Hannah Valentine holds a Master of Fine Arts from Elam School of Fine Arts. Her practice explores questions of the body, movement, and participation. Recent exhibitions include: New Perspectives, Artspace, Auckland, 2016; Flex, Te Uru Waitakere Contemporary Gallery, 2017; and Looking in, breathing out, Enjoy Public Art Gallery, 2018.


Tim Wagg (b. 1991, Masterton) is an artist currently based in Auckland, New Zealand. He graduated with with a BFA (Hons) from the University of Auckland’s Elam School of Fine Arts in 2013. Working across various mediums including video, installation, and digital printing, Wagg’s work explores the intersections of politics, identity and technology within the context of New Zealand. More specifically, his work considers the tangibility and intangibility of archives and histories, and examines the visual languages surrounding moments of political upheaval or change.

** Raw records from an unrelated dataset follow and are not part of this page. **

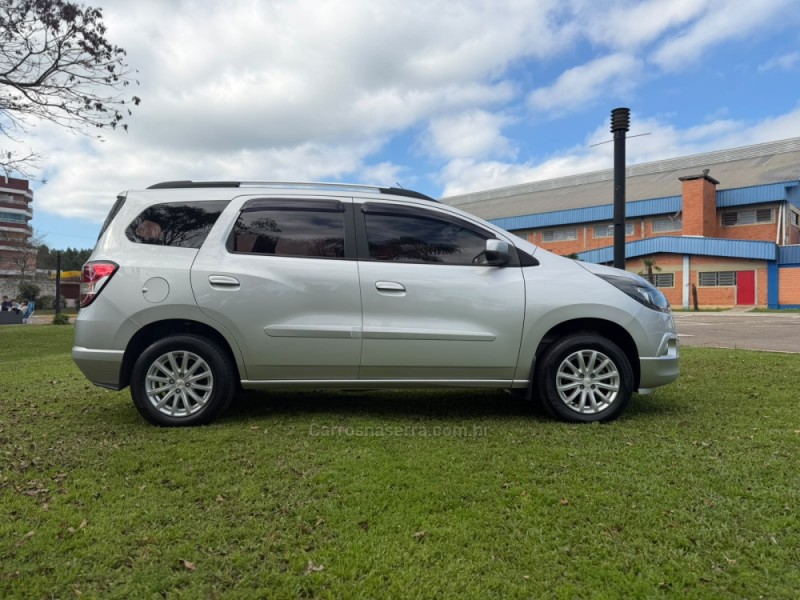 SPIN 1.8 LT 8V FLEX 4P AUTOMÁTICO - 2016 - BROCHIER
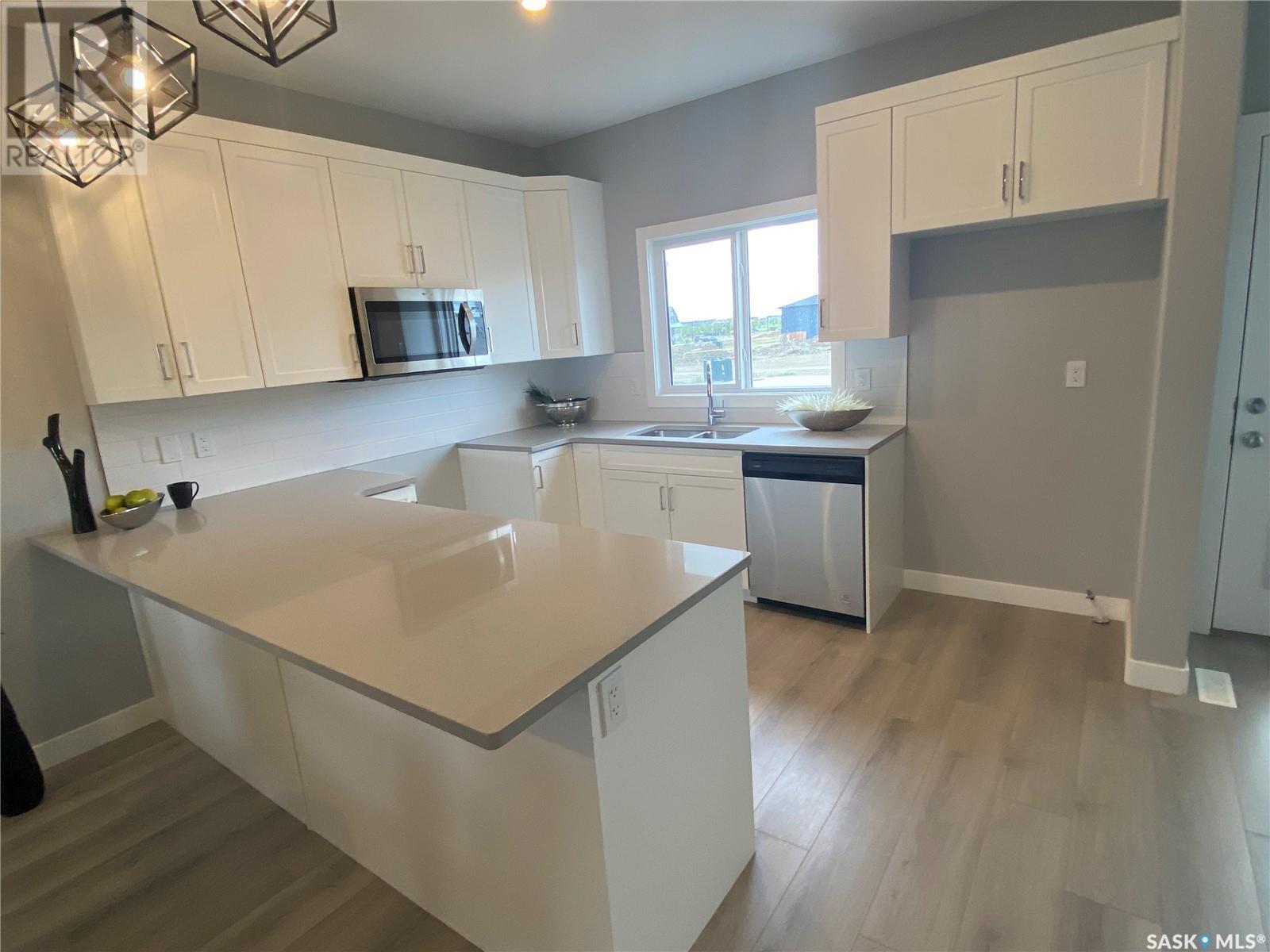 Photo 11 of 350 Cowessess Road, Saskatoon SK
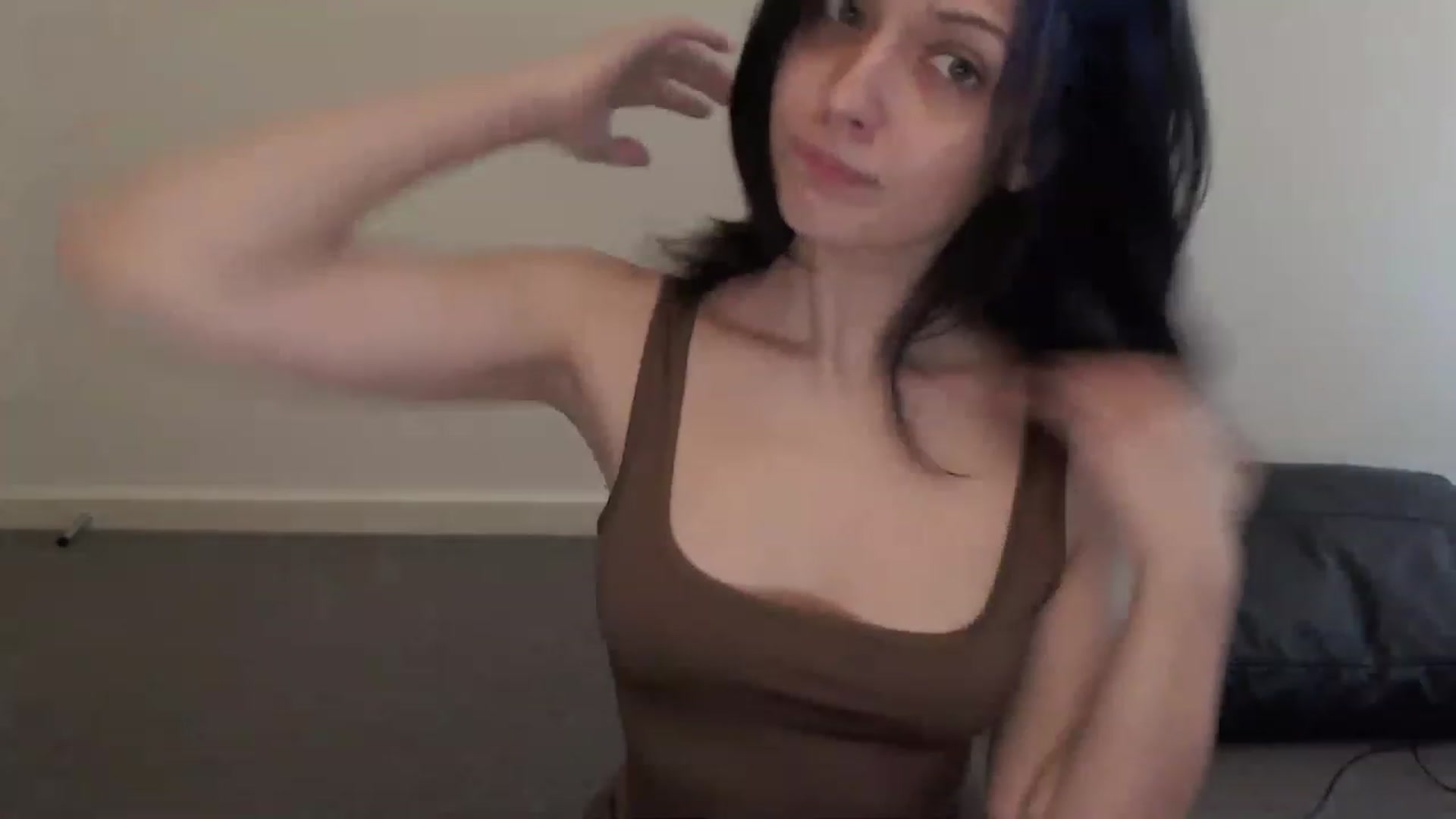 Gallery image thumbnail from RoomToAvoid's myfreecams stream on, 01/31/2023, 04:17 image 5 of 20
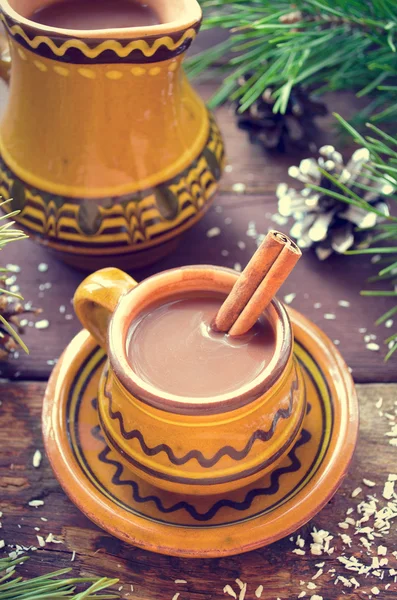 Chocolate caliente con canela en vajilla rústica —  Fotos de Stock
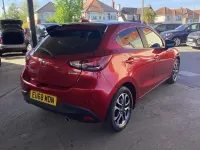 Usado Mazda 2 Inclusive 2018 Vermelho Citadino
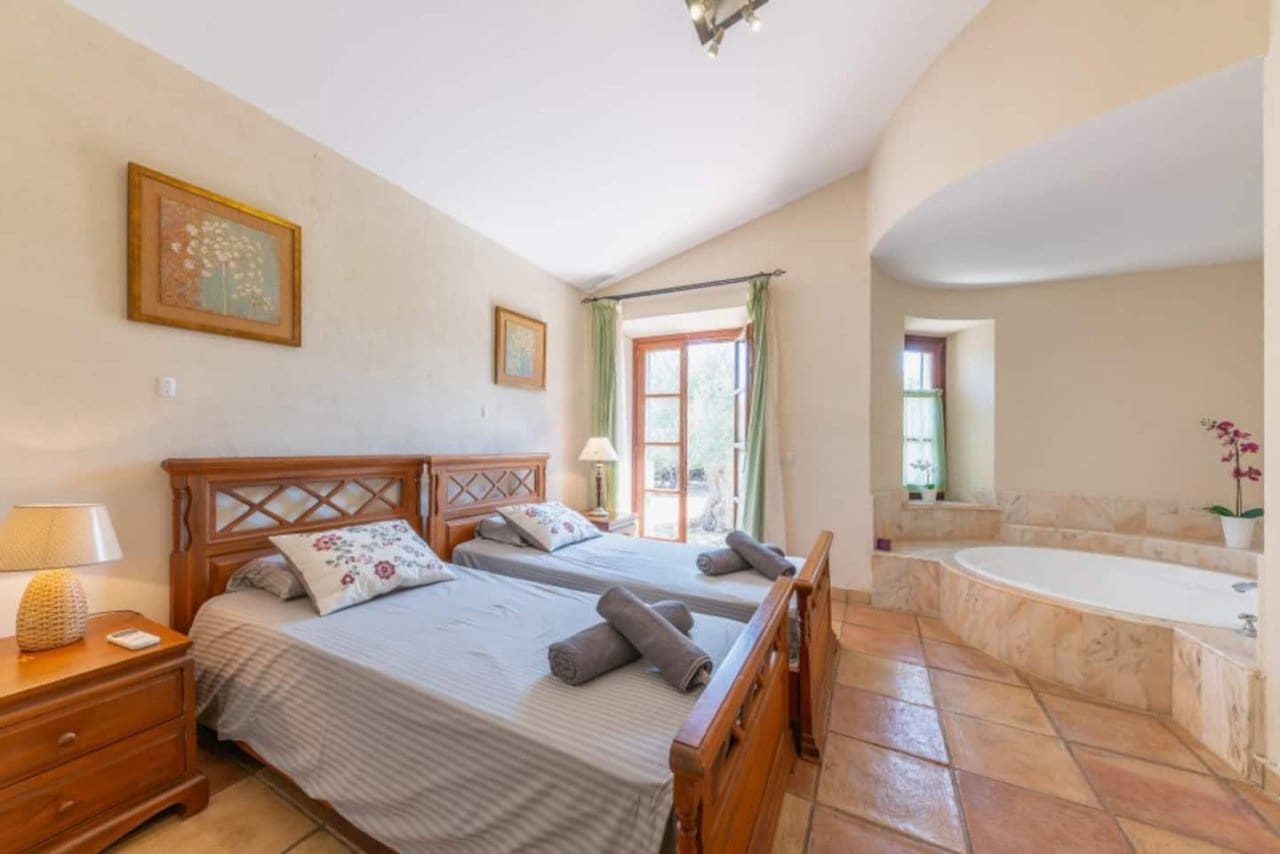 6 soveværelse Finca/Landehus til salg i Canyamel med swimmingpool - € 2.200.000 (Ref: 7375337)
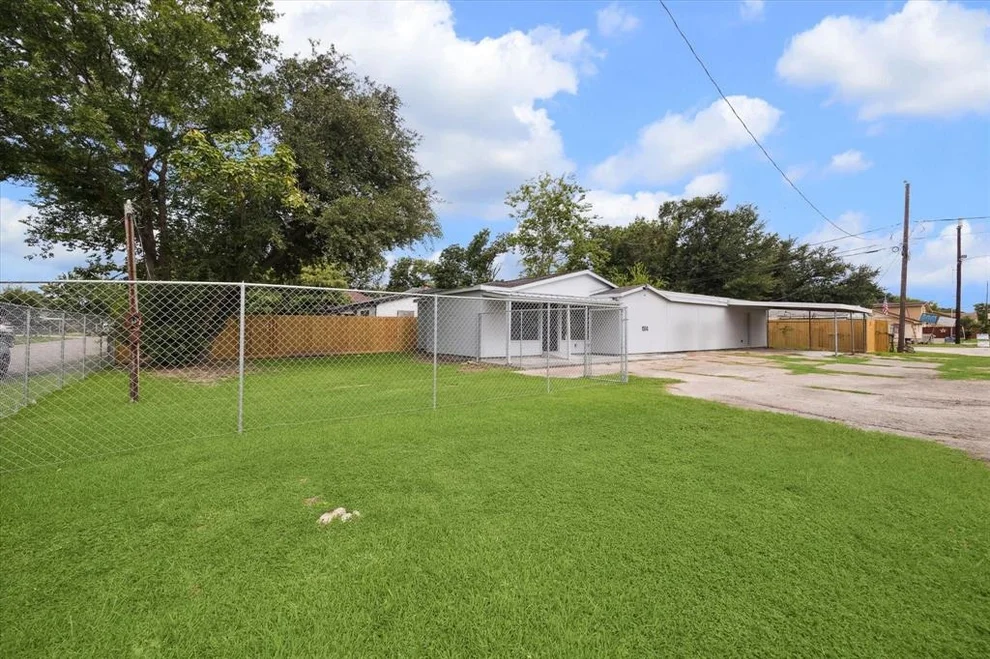 Unit for sale at 1514 Mercury Drive, Houston, TX 77029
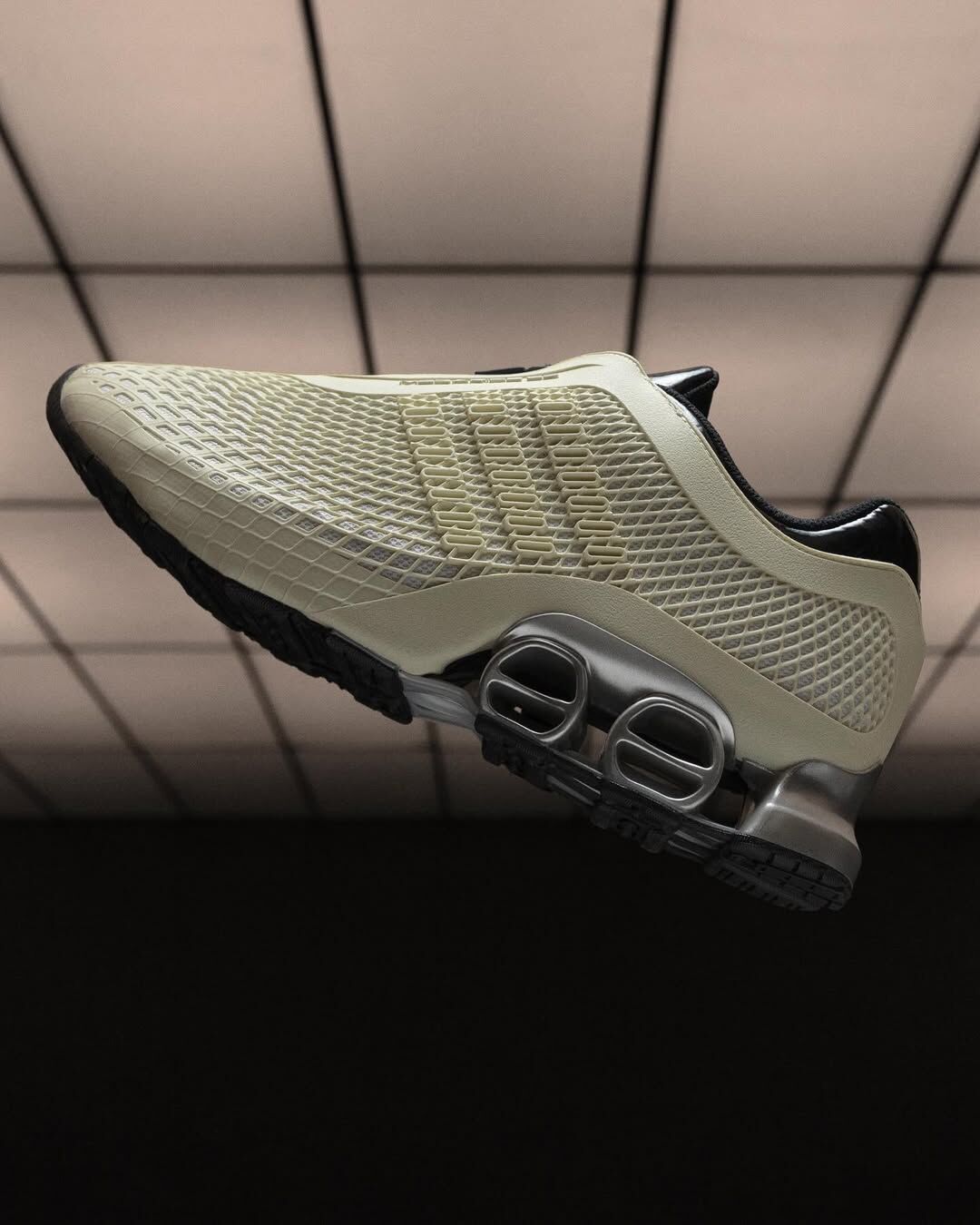 【Focus Store】預購 Adidas Megaride S2 "Ivory" 米白黑 JR0902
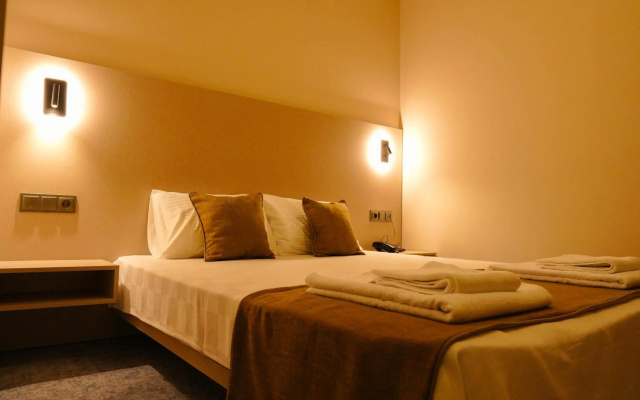 Bonnie City Hotel - Image 4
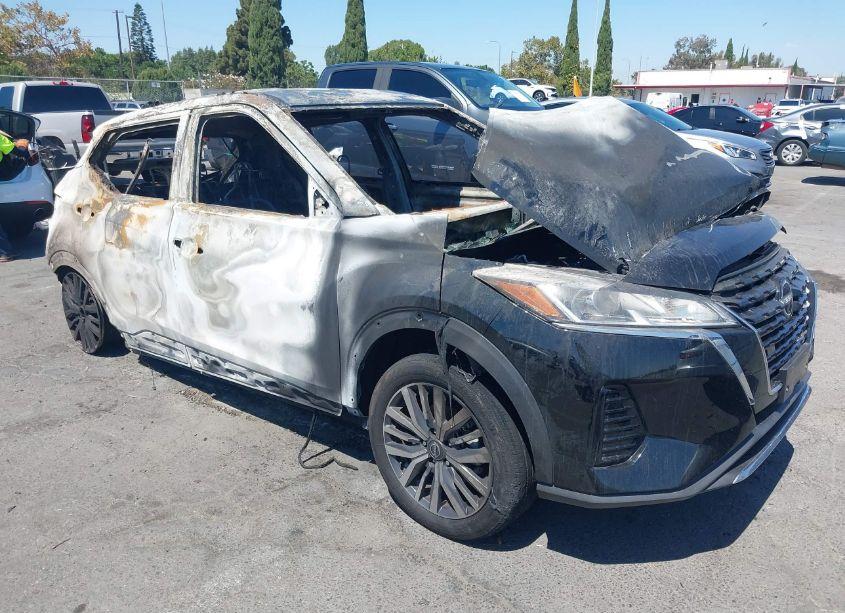 2023 Nissan Kicks SV XTRONIC CVT (VIN 3N1CP5CV4PL551366) main photo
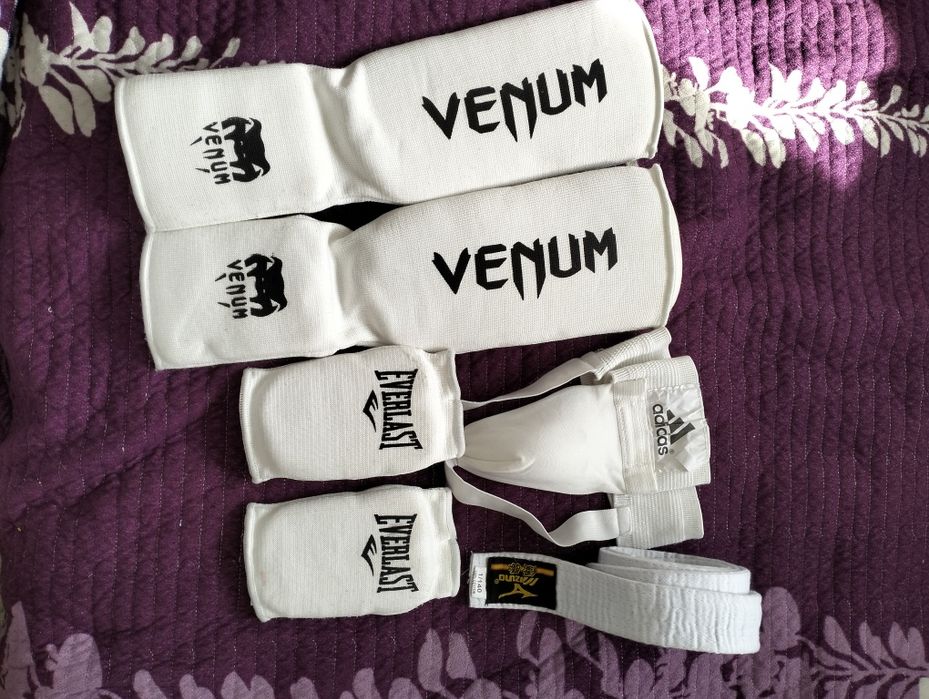 Каратэ для мальчика и девочки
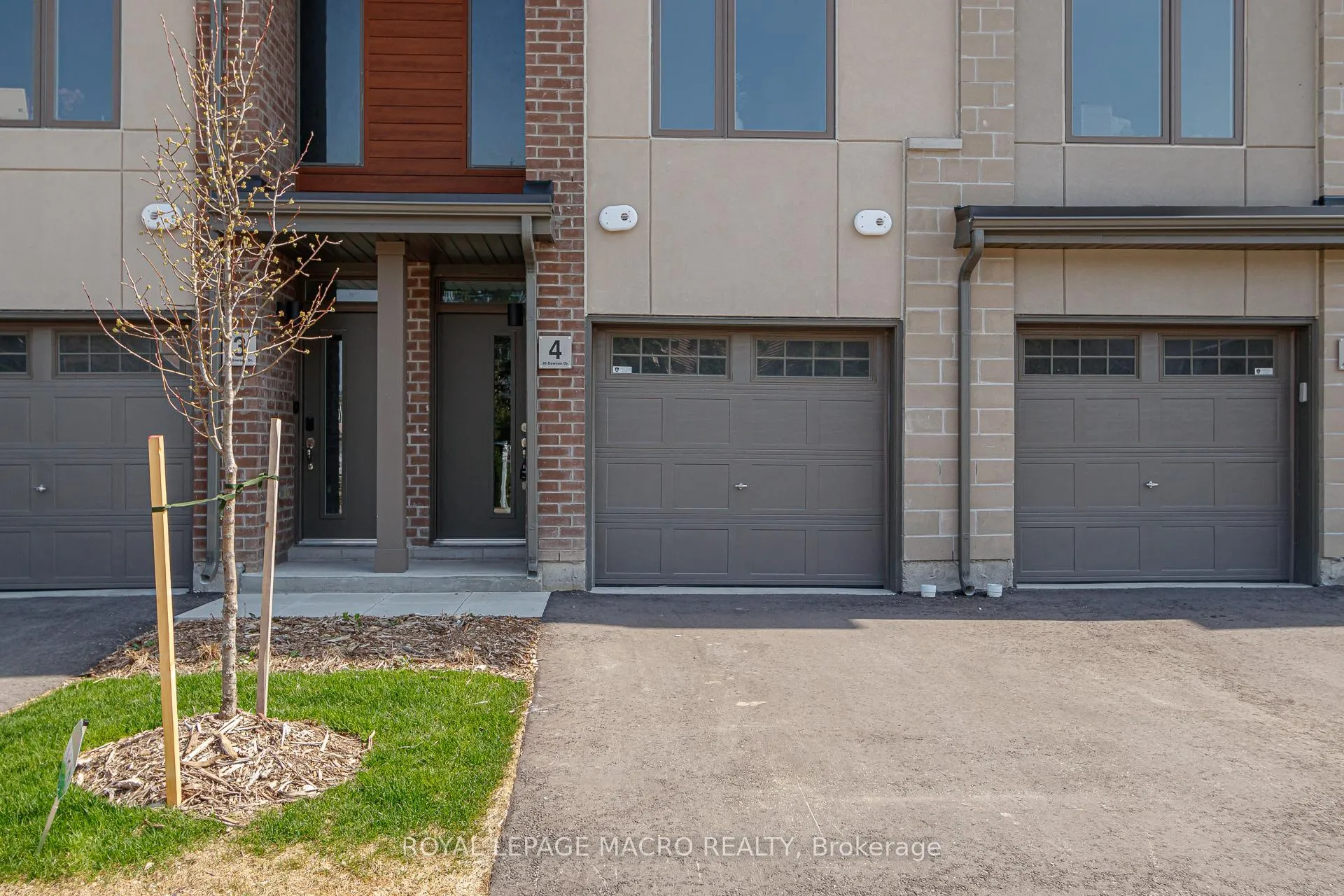 Photo 2 of Unit 4, 35 Dawson Drive, Collingwood — HOMEH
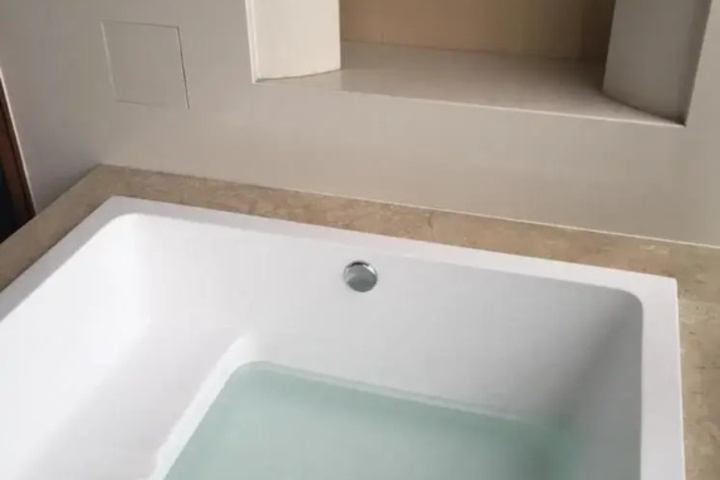 Spa 13 of 17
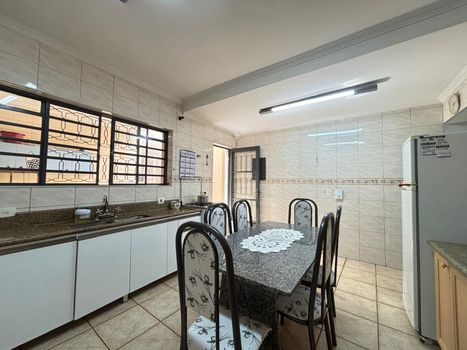 Foto 8 do(a) Casa em Condomínio false à venda em Vila Batista, Bragança Paulista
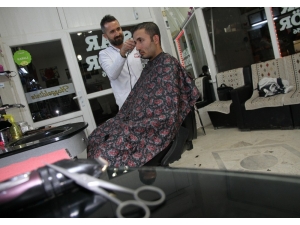 Müşterileriyle Tersten Konuşuyor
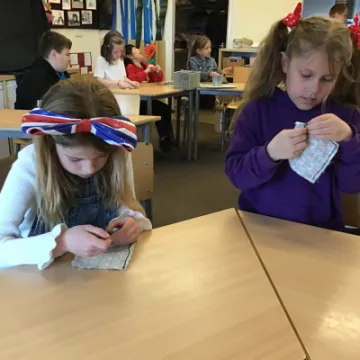 1A806515-5FB7-498E-8D6B-F290DA41E0C1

Selected shows include: Working Towards Meaning, Te Uru Gallery, Auckland (2020); Psychology For a Better World, curated by Victoria Wynne-Jones, Patara Gallery, Georgia (2018); The Order of Things, curated by Andrea Bell, Hocken Collections, Dunedin, (2018); The Tomorrow People, curated by Christina Barton, Stephen Cleland and Simon Gennard, Adam Art Gallery, Wellington, (2017); This Time of Useful Consciousness – Political Ecology Now, curated by Melanie Oliver, The Dowse Art Museum, Lower Hutt, (2017); False Paths, The Engine Room, Wellington, (2017); By the Laws of Chance, curated by Andrea Bell, Dunedin Public Art Gallery, Dunedin, (2016); NEW PERSPECTIVES with Simon Denny, Artspace, Auckland, (2016). Wagg was a Mccahon House Resident in 2019.